Oubliez Reims : ce village la Marne abrite un porche-galerie unique, mélange insolite de roman et de gothique

Un porche qui ressemble à un cloître, taillé dans la craie blanche du XIIe siècle. Les paroissiens l’appellent simplement « la merveille ». Ils viennent y causer avant la messe, après la messe, quand il pleut, quand le soleil tape trop fort sur les pavés de la Marne.

1138-1147 : neuf ans pour bâtir ce que les guides de Champagne oublient

L’église Saint-Amand s’élève entre deux styles. Les bases romanes portent encore les marques de leur tour à escalier de vis. Les voûtes en ogives, elles, sont gothiques, abondamment éclairées par des vitraux que les visiteurs remarquent en premier.

Mais c’est le porche-galerie qui retient les habitués.

Imaginez une arcade de cloître posée devant une église de village. Pas d’abbaye derrière, pas de jardin régulier. Juste cette galerie ouverte où les Godins, c’est le nom des habitants, se retrouvent depuis des siècles pour discuter, attendre, fumer une cigarette en cachette.

L’architecture n’a pas prévu ce usage. Elle le tolère, l’a même façonné.

Le porche-galerie comme cloître déporté, si. Les spécialistes le notent. Les locaux s’en accommodent depuis neuf siècles.
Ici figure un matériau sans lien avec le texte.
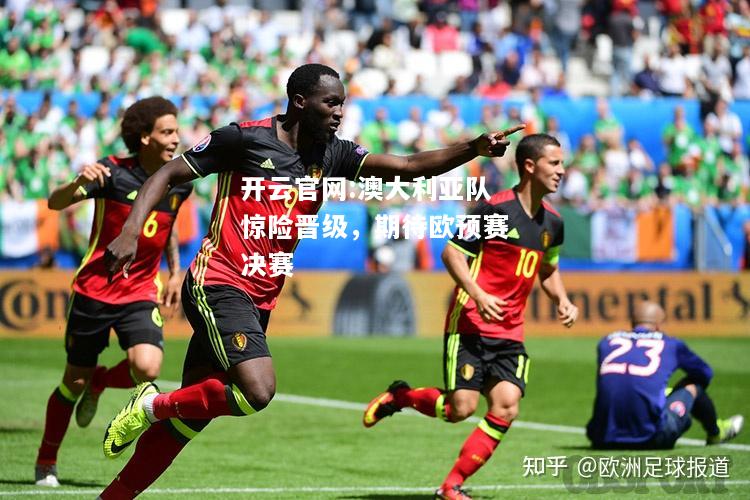 开云官网:澳大利亚队惊险晋级，期待欧预赛决赛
Le Fion, 21 km de rivière qui ne s’assèche jamais

Le village s’étire sur les deux rives du Fion, un cours d’eau qui prend sa source à Bassu et rejoint la Marne à La Chaussée-sur-Marne. Sa particularité, dans une région où les ruisseaux disparaissent chaque été, c’est de couler toute l’année. Quatre moulins ont fonctionné ici, deux vestiges subsistent, témoins d’une économie du grain qui a structuré le paysage.
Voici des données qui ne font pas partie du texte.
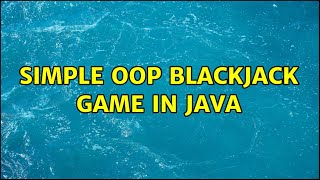 Simple OOP Blackjack game in Java (4 Solutions!!) Profile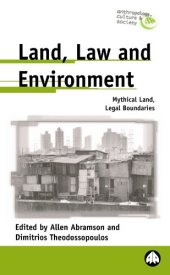 book Land, Law And Environment: Mythical Land, Legal Boundaries (Anthropology, Culture and Society)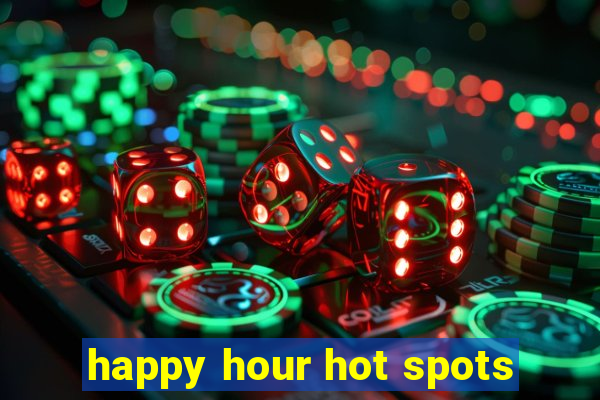 happy hour hot spots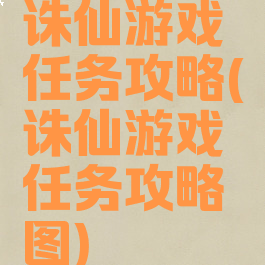 诛仙游戏任务攻略(诛仙游戏任务攻略图)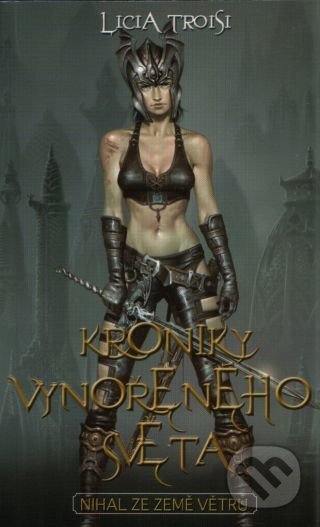 Kroniky vynořeného světa - Licia Troisi, Talpress, 2009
Les maisons à pans de bois et torchis s’alignent le long des ruelles qui convergent vers la rivière. Certaines fermes gardent leur « porte-rue », ce porche couvert qui fermait la cour et protégeait les charrettes. L’urbanisme du village reste lisible : on devine les passages piétons, les lavoirs aperçus depuis les ponts, l’organisation autour de l’eau vive.

Le village est-il encore labellisé Plus Beaux Villages de France ?

Non. Saint-Amand-sur-Fion a quitté l’association, même s’il conserve son charme architectural. Le label n’est plus là, les maisons anciennes et le porche-galerie, si.

Quand visiter pour éviter les foules ?

La brocante du 4e dimanche de septembre attire les chineurs régionaux. À éviter si vous cherchez le silence. Le reste de l’année, le village appartient aux Godins et aux quelques curieux qui quittent la route entre Vitry-le-François et Châlons-en-Champagne.

Comment s’y rendre et ce qu’on y fait en une heure

Entre Vitry-le-François et Châlons-en-Champagne, dans la Marne. Le village est à quelques minutes de la départementale, assez proche pour une escale, assez loin pour ne pas être défiguré par le passage. Comptez une heure pour le porche, une déambulation le long du Fion, l’observation des façades à colombages.

La vigne, abandonnée après le phylloxéra du XIXe siècle, a été replantée. Un premier cru est produit depuis 1994. L’histoire agricole se lit dans le paysage autant que dans les pierres de l’église.

Le moulin de Ruet, mentionné dès 1261 dans une transaction des chanoines de Châlons, a survécu à la guerre de Cent Ans, été reconstruit au XVIe siècle, converti en huilerie. Il raconte une continuité que le porche continue, autrement.

En septembre, les brocanteurs envahissent les rues. Le reste du temps, les Godins causeront sous le porche, indifférents aux curiosités architecturales. L’église les a vus naître, les a vus partir, les attend le dimanche matin.

La craie blanche s’érode doucement. Les conversations continuent.